== Entries provided ==

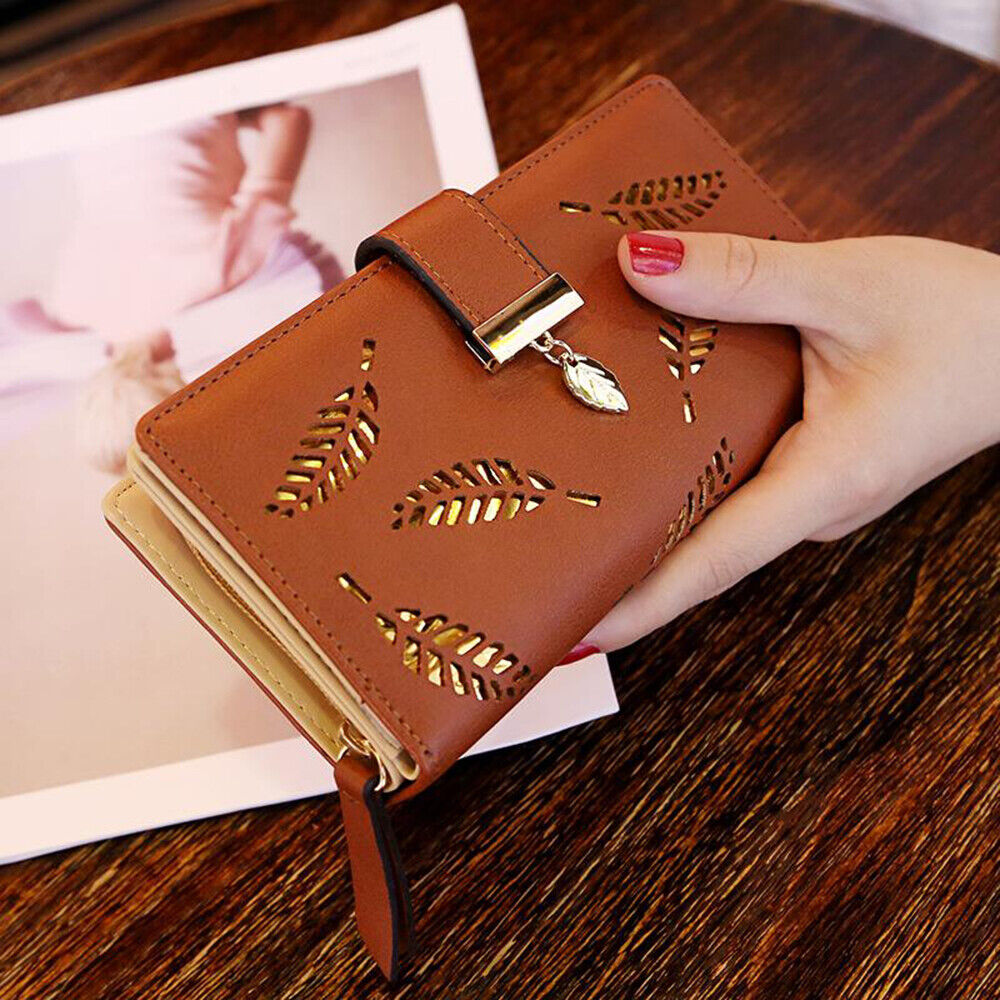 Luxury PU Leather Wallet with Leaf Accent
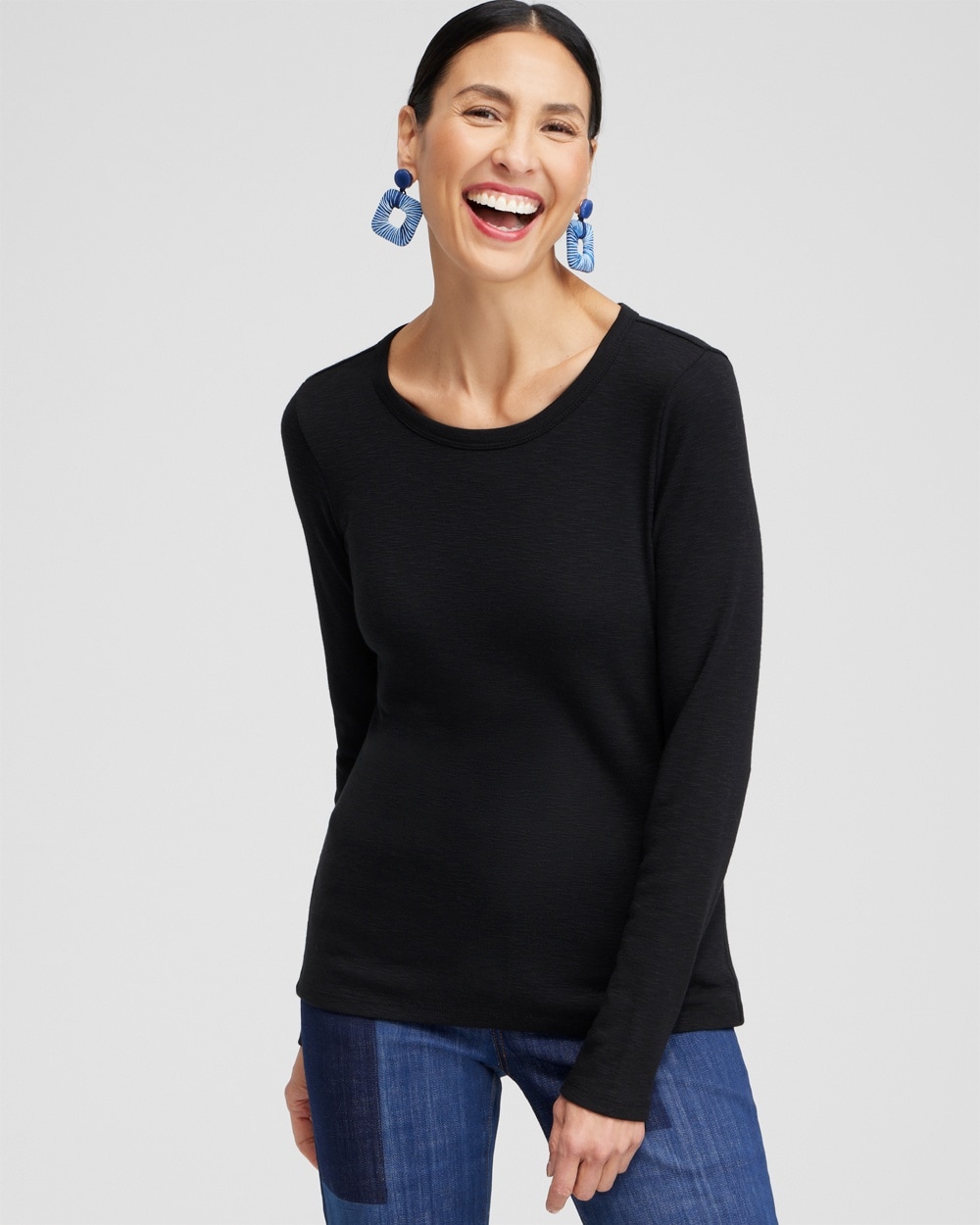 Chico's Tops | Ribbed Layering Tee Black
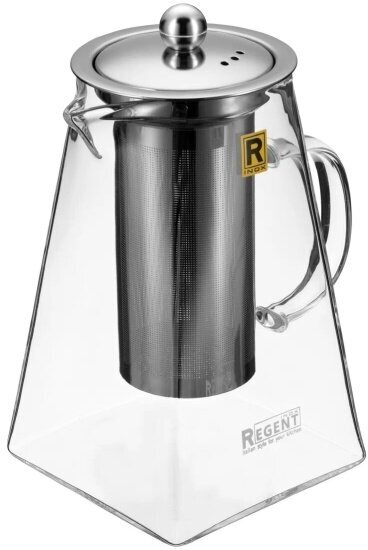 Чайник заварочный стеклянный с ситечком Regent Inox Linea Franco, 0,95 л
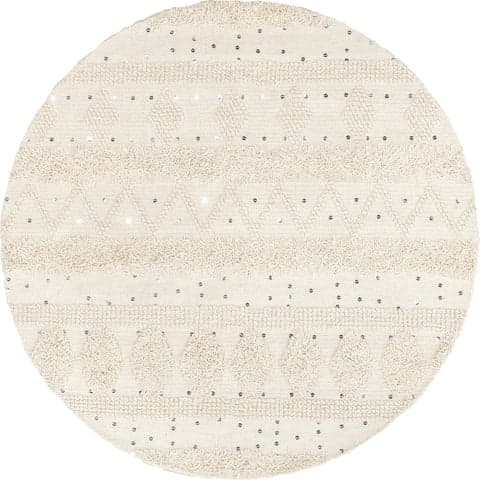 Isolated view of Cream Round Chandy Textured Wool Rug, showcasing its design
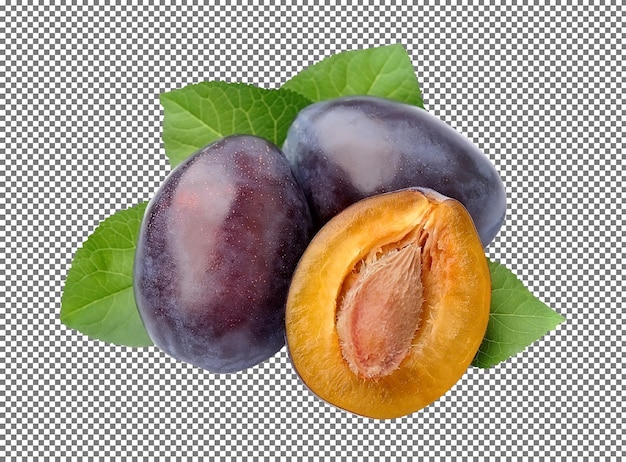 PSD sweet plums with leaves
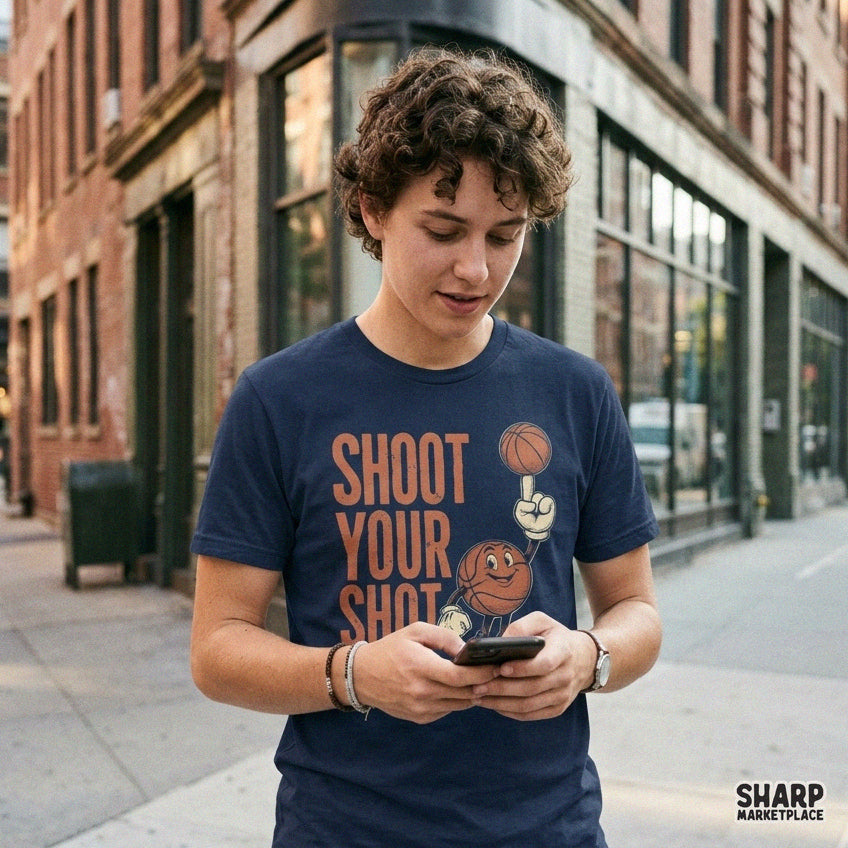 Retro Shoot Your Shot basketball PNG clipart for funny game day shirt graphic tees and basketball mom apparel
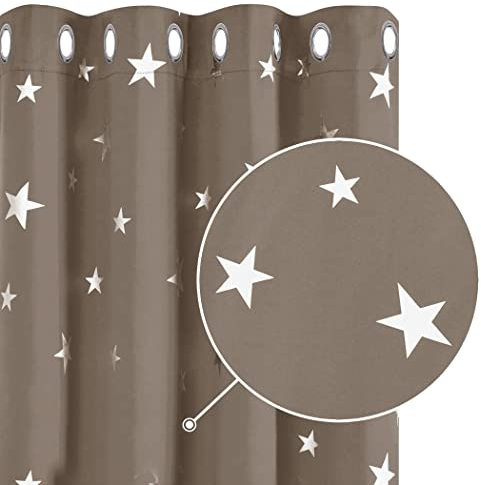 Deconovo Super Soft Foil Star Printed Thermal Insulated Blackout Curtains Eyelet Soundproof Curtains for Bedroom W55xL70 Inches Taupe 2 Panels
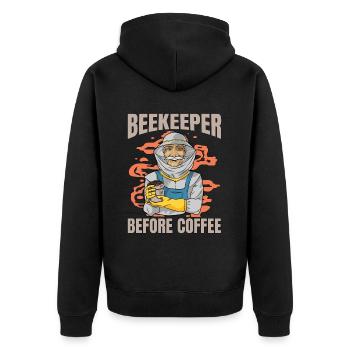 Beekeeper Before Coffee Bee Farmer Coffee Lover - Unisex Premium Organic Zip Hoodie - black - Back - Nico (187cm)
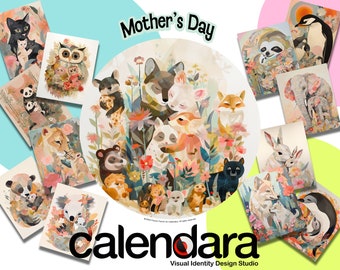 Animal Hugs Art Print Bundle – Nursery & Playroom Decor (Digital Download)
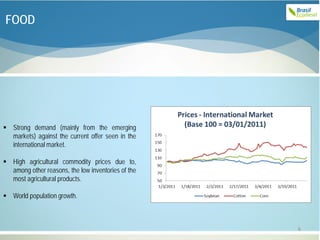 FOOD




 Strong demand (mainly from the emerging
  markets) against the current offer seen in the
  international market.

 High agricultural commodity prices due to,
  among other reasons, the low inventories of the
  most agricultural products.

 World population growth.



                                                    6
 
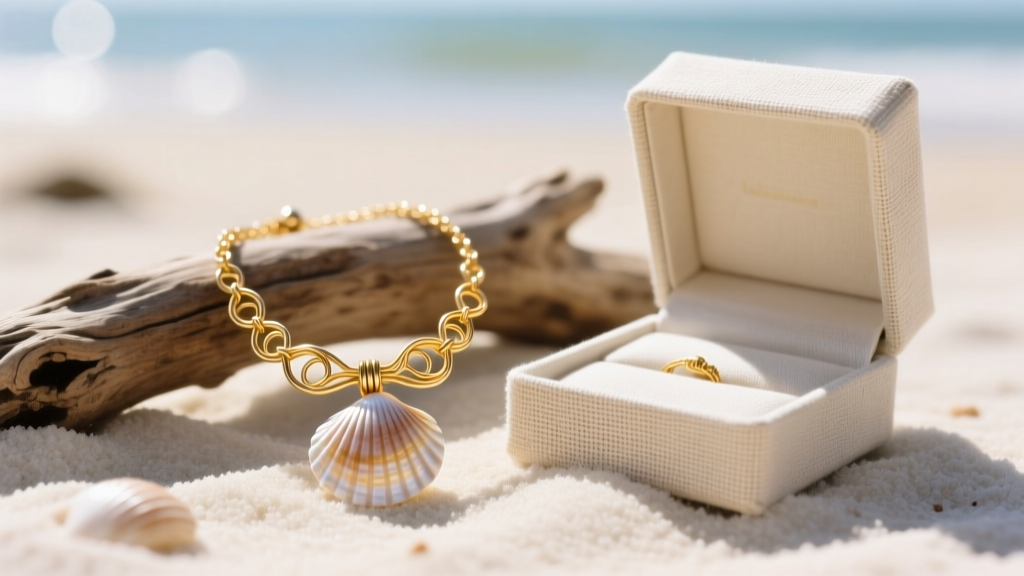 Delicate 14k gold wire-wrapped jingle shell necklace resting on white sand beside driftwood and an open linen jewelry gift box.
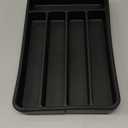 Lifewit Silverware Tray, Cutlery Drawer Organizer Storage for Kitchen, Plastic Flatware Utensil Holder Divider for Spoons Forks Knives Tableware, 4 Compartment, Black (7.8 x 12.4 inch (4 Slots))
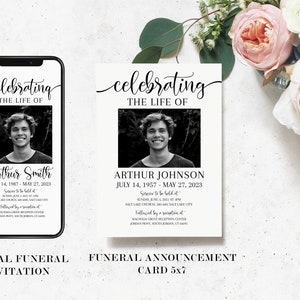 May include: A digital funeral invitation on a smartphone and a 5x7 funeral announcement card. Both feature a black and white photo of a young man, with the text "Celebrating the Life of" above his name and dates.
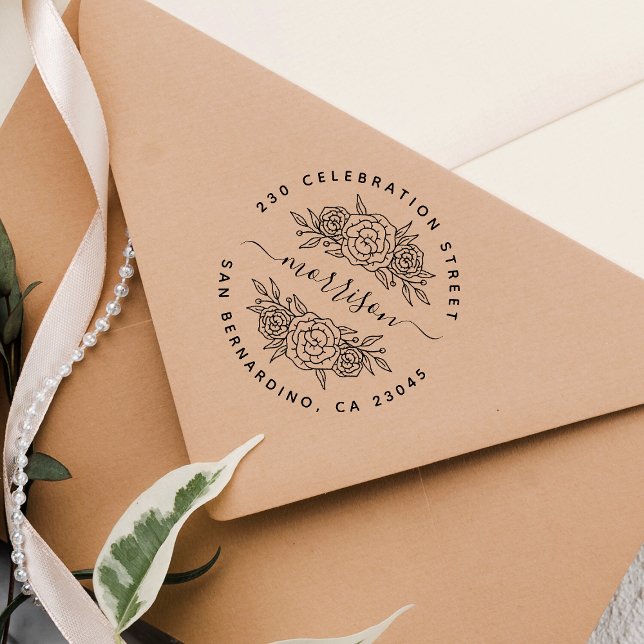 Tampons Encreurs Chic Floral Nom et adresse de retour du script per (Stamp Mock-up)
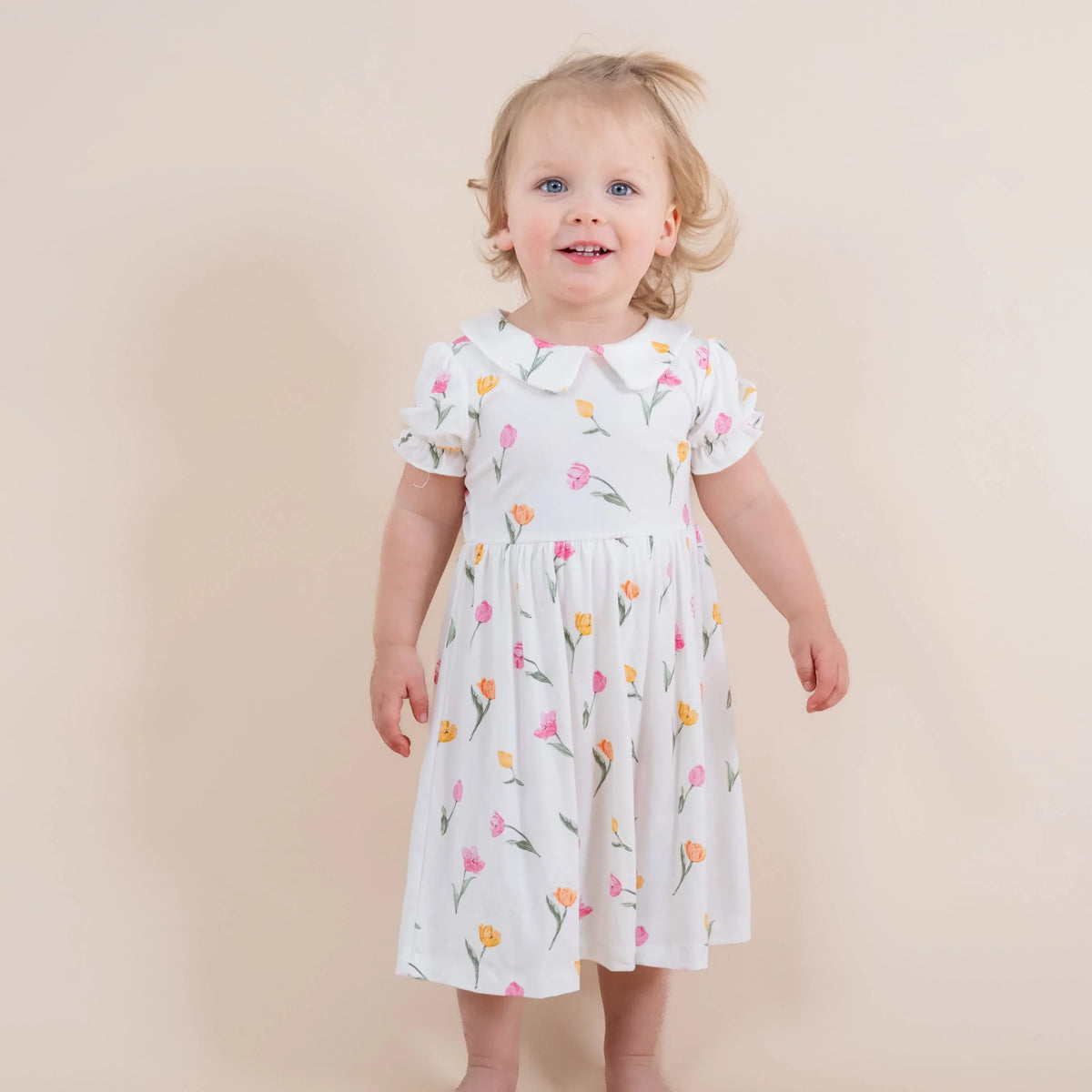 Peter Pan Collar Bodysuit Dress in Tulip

===

Task prompt: Where an entry includes an image, skip the image and return everything else exactly.

Response below:
 Luxury PU Leather Wallet with Leaf Accent
 Chico's Tops | Ribbed Layering Tee Black
 Чайник заварочный стеклянный с ситечком Regent Inox Linea Franco, 0,95 л
 Isolated view of Cream Round Chandy Textured Wool Rug, showcasing its design
 PSD sweet plums with leaves
 Retro Shoot Your Shot basketball PNG clipart for funny game day shirt graphic tees and basketball mom apparel
 Deconovo Super Soft Foil Star Printed Thermal Insulated Blackout Curtains Eyelet Soundproof Curtains for Bedroom W55xL70 Inches Taupe 2 Panels
 Beekeeper Before Coffee Bee Farmer Coffee Lover - Unisex Premium Organic Zip Hoodie - black - Back - Nico (187cm)
 Animal Hugs Art Print Bundle – Nursery & Playroom Decor (Digital Download)
 FOOD




 Strong demand (mainly from the emerging
  markets) against the current offer seen in the
  international market.

 High agricultural commodity prices due to,
  among other reasons, the low inventories of the
  most agricultural products.

 World population growth.



                                                    6
 
 Delicate 14k gold wire-wrapped jingle shell necklace resting on white sand beside driftwood and an open linen jewelry gift box.
 Lifewit Silverware Tray, Cutlery Drawer Organizer Storage for Kitchen, Plastic Flatware Utensil Holder Divider for Spoons Forks Knives Tableware, 4 Compartment, Black (7.8 x 12.4 inch (4 Slots))
 May include: A digital funeral invitation on a smartphone and a 5x7 funeral announcement card. Both feature a black and white photo of a young man, with the text "Celebrating the Life of" above his name and dates.
 Tampons Encreurs Chic Floral Nom et adresse de retour du script per (Stamp Mock-up)
 Peter Pan Collar Bodysuit Dress in Tulip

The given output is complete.